=== WHAT THE TASK ASKS ===
Quote, word for word, the line containing "Women Fitness Coach Resume Template" and all lines that follow it to the end of the records, with no pictures.

::: INFORMATION :::

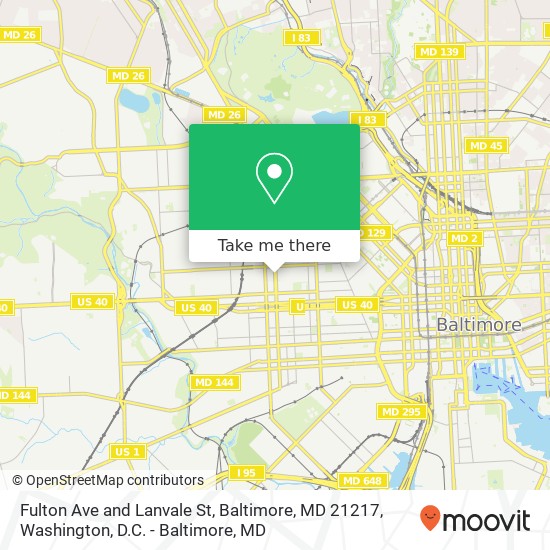 Mapa de Fulton Ave and Lanvale St, Baltimore, MD 21217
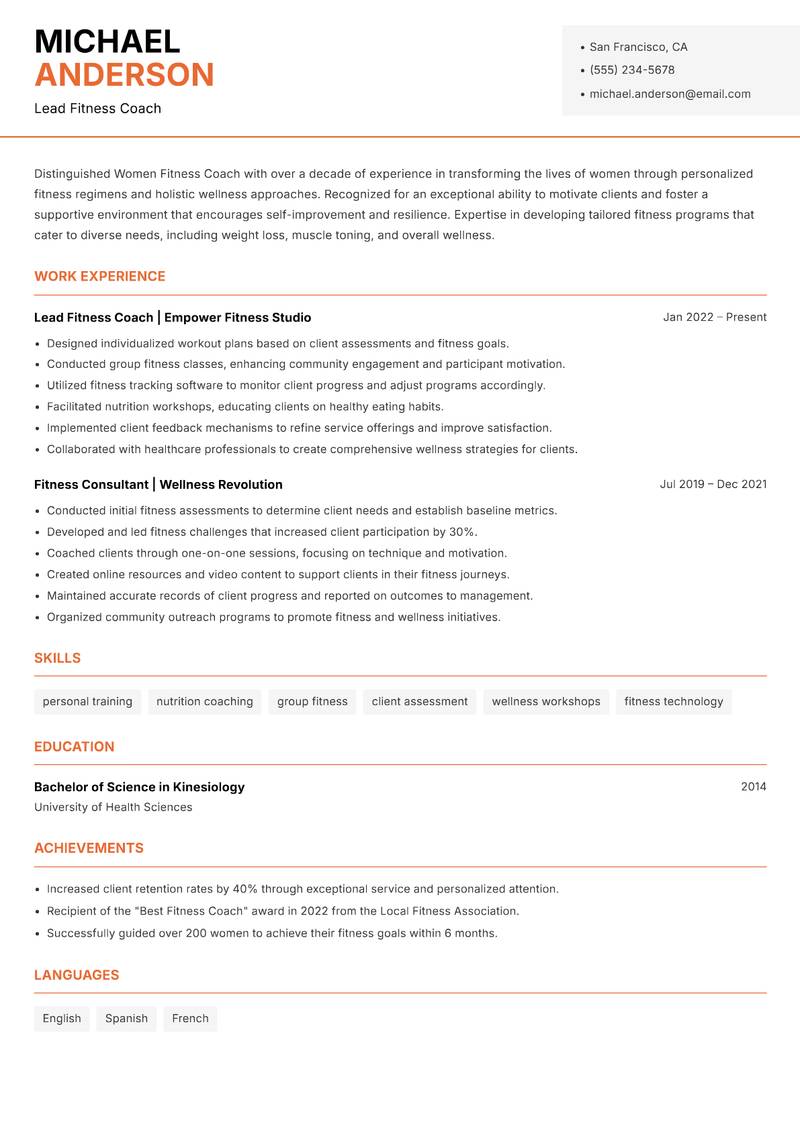 Women Fitness Coach Resume Template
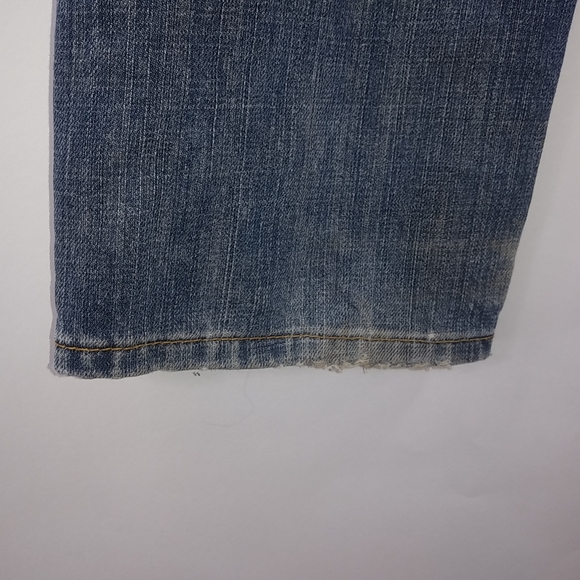 Levis 505 33 Mens Dark Stone Wash Destroyed Jeans - Picture 9 of 9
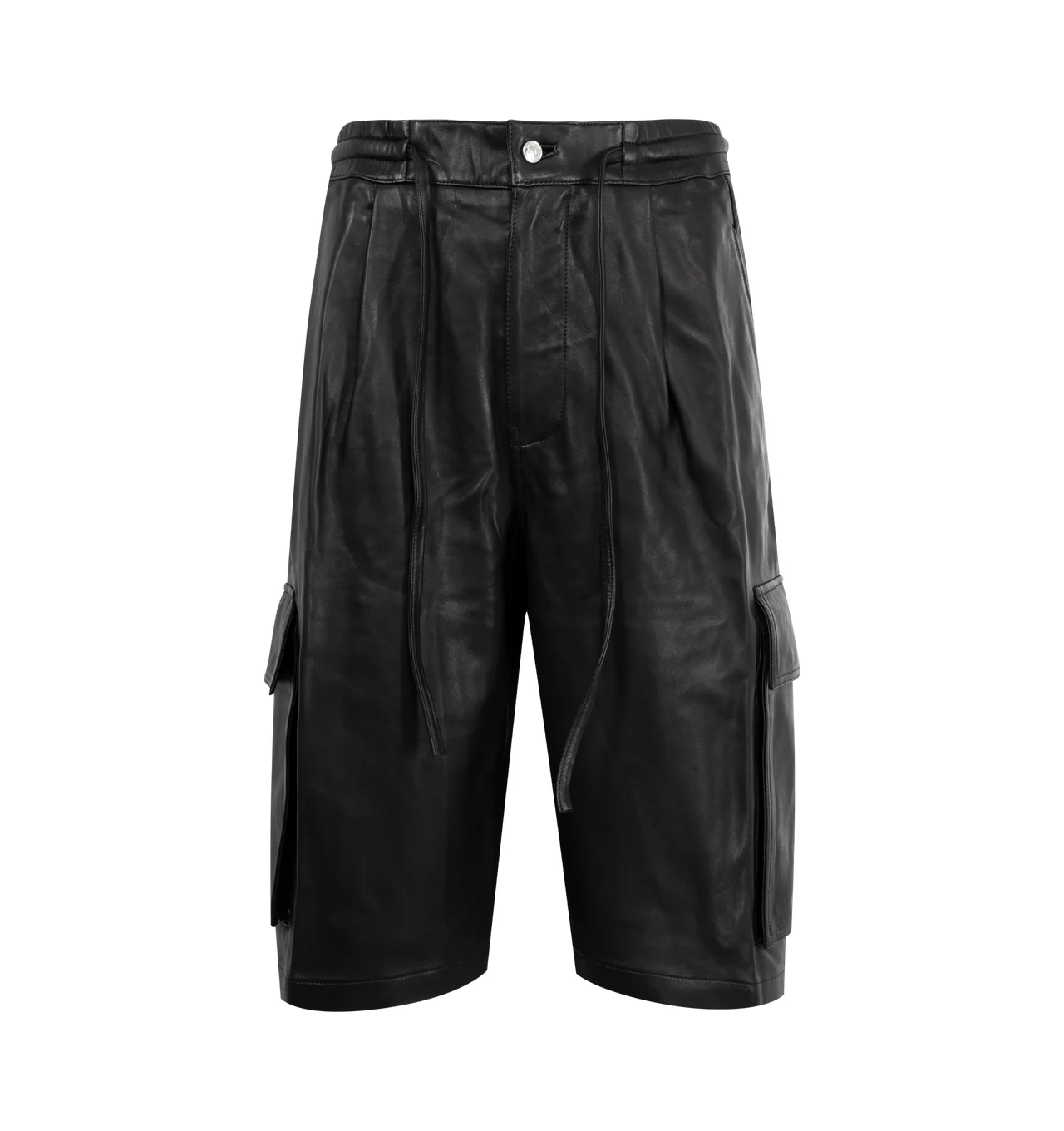 LEATHER PLEATED CARGO SHORTS - 1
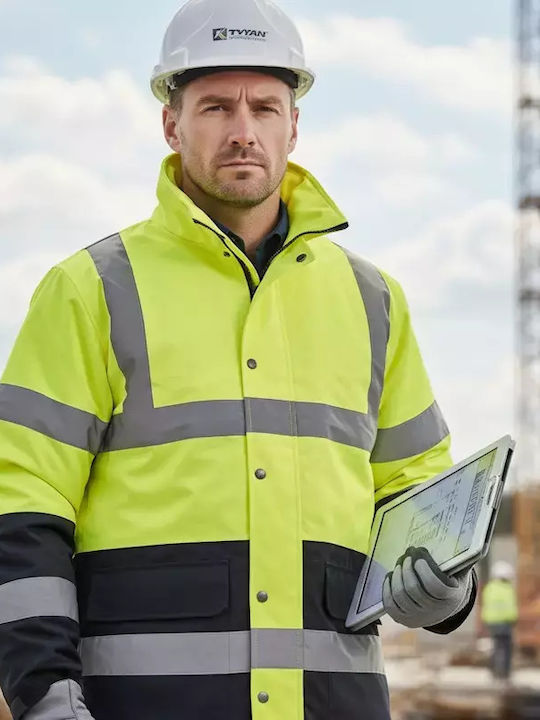 Cresman Tytan Work Jacket Reflective with Hood Yellow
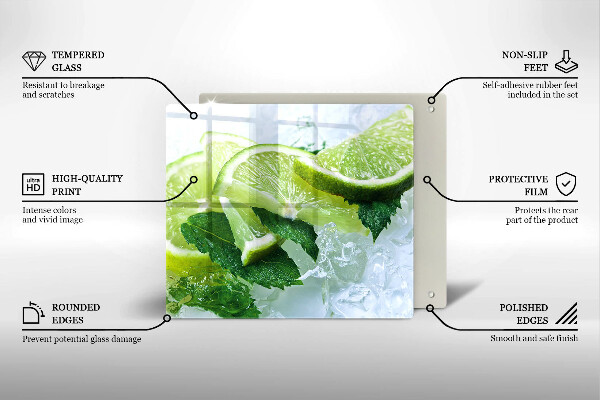 Tagliere in vetro temperato Menta lime e ghiaccio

:::

=== SOLUTION TO THIS EXERCISE ===
 Women Fitness Coach Resume Template
 Levis 505 33 Mens Dark Stone Wash Destroyed Jeans - Picture 9 of 9
 LEATHER PLEATED CARGO SHORTS - 1
 Cresman Tytan Work Jacket Reflective with Hood Yellow
 Tagliere in vetro temperato Menta lime e ghiaccio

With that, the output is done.